> **ASSIGNMENT**: Report all lines from the entries below in which "Sport" appears.

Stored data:

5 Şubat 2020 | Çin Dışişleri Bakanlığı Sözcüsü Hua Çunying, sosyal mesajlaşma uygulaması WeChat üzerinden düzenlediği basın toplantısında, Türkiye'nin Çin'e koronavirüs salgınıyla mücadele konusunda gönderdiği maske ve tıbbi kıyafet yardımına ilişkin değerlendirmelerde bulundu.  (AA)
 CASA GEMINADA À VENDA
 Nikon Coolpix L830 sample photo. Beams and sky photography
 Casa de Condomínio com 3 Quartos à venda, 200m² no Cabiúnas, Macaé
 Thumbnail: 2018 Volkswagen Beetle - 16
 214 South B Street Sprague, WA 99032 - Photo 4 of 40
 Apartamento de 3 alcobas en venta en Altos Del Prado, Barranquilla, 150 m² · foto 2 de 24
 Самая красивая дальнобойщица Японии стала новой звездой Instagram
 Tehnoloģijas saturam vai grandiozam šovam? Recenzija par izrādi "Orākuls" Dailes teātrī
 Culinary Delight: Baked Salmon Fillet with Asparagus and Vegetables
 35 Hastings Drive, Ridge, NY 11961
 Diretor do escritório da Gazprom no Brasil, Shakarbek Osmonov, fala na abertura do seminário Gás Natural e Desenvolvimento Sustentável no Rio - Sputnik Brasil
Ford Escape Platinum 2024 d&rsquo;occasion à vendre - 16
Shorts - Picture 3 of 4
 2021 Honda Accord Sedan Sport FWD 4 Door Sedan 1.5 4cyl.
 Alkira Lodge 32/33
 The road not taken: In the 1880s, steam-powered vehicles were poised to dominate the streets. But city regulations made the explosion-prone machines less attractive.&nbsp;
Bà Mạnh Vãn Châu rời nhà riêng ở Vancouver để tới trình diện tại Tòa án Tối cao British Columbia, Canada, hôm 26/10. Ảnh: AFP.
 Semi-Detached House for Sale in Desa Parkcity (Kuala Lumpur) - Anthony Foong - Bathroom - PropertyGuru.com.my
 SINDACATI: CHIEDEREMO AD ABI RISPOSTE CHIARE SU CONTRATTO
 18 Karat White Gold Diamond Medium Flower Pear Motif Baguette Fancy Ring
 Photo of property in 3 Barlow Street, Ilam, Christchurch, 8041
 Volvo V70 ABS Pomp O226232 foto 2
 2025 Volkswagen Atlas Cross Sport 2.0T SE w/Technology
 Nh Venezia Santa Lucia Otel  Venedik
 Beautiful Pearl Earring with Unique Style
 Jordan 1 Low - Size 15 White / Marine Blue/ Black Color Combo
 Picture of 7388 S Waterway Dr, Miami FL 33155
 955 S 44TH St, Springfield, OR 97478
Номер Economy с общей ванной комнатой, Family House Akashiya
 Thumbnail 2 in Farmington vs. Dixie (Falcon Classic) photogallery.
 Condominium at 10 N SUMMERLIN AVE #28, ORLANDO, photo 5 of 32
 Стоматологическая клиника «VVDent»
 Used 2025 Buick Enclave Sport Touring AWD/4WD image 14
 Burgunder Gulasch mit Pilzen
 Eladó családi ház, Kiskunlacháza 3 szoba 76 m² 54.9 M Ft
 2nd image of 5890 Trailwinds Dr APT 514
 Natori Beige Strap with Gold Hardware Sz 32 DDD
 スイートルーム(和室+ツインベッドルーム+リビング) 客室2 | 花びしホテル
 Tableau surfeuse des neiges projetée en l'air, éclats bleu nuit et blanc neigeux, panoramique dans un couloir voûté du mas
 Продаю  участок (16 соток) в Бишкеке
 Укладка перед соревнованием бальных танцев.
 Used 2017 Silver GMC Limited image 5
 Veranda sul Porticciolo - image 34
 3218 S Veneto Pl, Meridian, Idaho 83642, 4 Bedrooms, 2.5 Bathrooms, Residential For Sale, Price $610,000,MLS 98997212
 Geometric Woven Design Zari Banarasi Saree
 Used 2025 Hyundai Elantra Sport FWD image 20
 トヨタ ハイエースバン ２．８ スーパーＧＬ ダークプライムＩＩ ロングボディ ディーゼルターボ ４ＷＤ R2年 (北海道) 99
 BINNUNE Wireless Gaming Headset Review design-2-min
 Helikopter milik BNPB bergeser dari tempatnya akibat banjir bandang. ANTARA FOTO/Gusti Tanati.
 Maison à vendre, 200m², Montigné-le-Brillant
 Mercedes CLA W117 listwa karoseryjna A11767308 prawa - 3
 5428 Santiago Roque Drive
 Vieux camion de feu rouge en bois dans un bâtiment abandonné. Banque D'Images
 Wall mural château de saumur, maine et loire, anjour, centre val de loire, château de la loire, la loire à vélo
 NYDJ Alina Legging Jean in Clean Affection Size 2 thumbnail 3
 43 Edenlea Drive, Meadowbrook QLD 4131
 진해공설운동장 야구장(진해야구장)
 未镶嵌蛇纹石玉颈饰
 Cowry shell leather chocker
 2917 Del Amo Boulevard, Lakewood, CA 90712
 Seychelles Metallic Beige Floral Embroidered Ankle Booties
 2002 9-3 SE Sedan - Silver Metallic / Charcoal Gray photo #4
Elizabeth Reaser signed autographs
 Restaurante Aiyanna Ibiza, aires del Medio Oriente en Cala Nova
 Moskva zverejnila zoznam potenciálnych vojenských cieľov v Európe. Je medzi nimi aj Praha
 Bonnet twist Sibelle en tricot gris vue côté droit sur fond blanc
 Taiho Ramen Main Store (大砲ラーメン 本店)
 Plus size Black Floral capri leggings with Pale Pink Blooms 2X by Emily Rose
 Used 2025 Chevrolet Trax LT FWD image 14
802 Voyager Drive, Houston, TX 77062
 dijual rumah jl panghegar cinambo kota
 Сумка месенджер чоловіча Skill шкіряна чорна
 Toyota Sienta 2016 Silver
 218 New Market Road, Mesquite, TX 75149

> **RESULT FOR THIS EXERCISE**:
 2021 Honda Accord Sedan Sport FWD 4 Door Sedan 1.5 4cyl.
 2025 Volkswagen Atlas Cross Sport 2.0T SE w/Technology
 Used 2025 Buick Enclave Sport Touring AWD/4WD image 14
 Used 2025 Hyundai Elantra Sport FWD image 20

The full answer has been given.